# Collected material
----------------

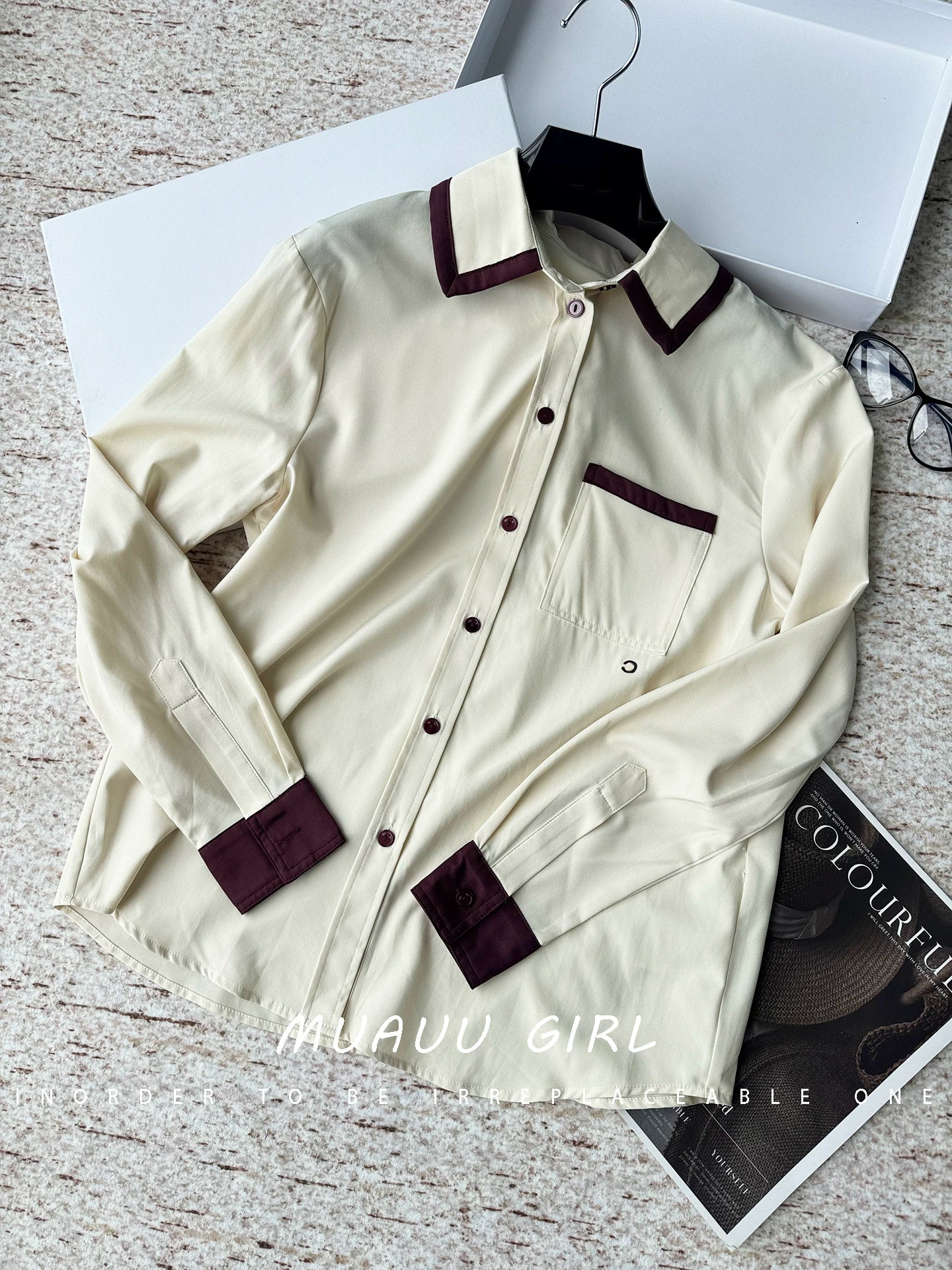 Spring and summer 26ss June MUAUU GIRL Senior Sister Gao Zhi! 26SS commuter style retro contrasting color lapel pocket long-sleeved shirt/vest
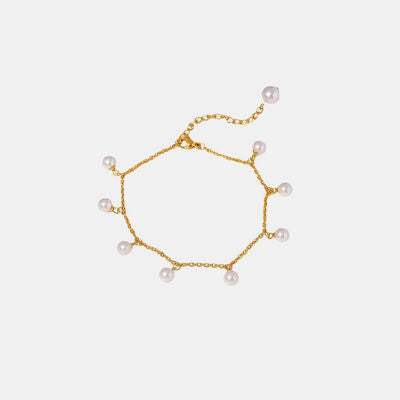 Pearl 18K Gold-Plated Charm Anklet - Trendsi - Flyclothing LLC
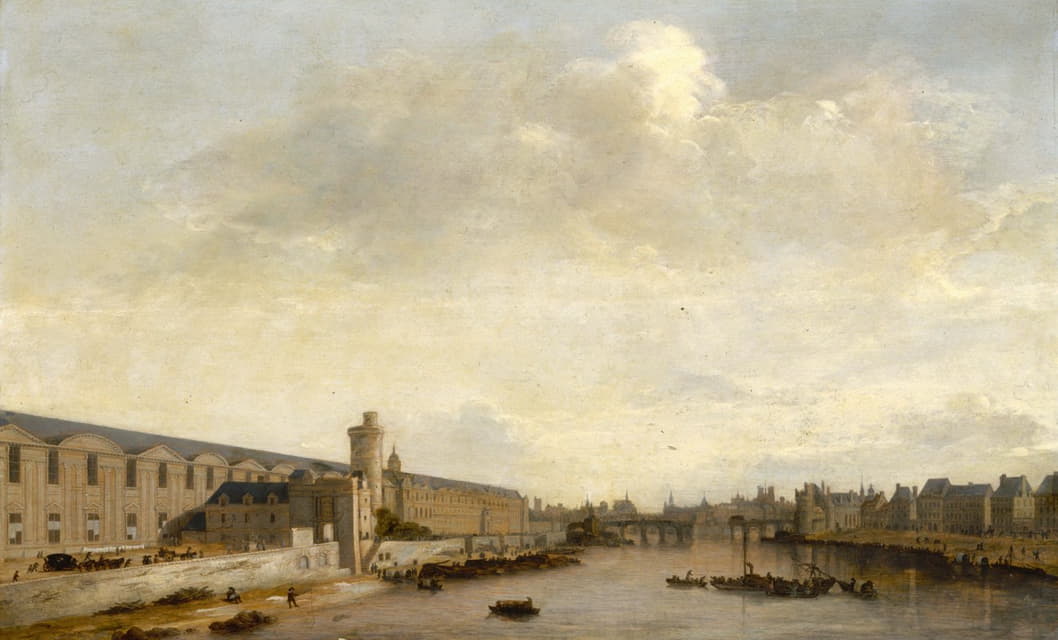 Abraham de Verwer - La Grande Galerie du Louvre, avec la porte Neuve et la tour de Bois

----------------

# Problem requirements
The answer must be the full listing, word for word, with no images in it.

# Worked solution
 Spring and summer 26ss June MUAUU GIRL Senior Sister Gao Zhi! 26SS commuter style retro contrasting color lapel pocket long-sleeved shirt/vest
 Pearl 18K Gold-Plated Charm Anklet - Trendsi - Flyclothing LLC
 Abraham de Verwer - La Grande Galerie du Louvre, avec la porte Neuve et la tour de Bois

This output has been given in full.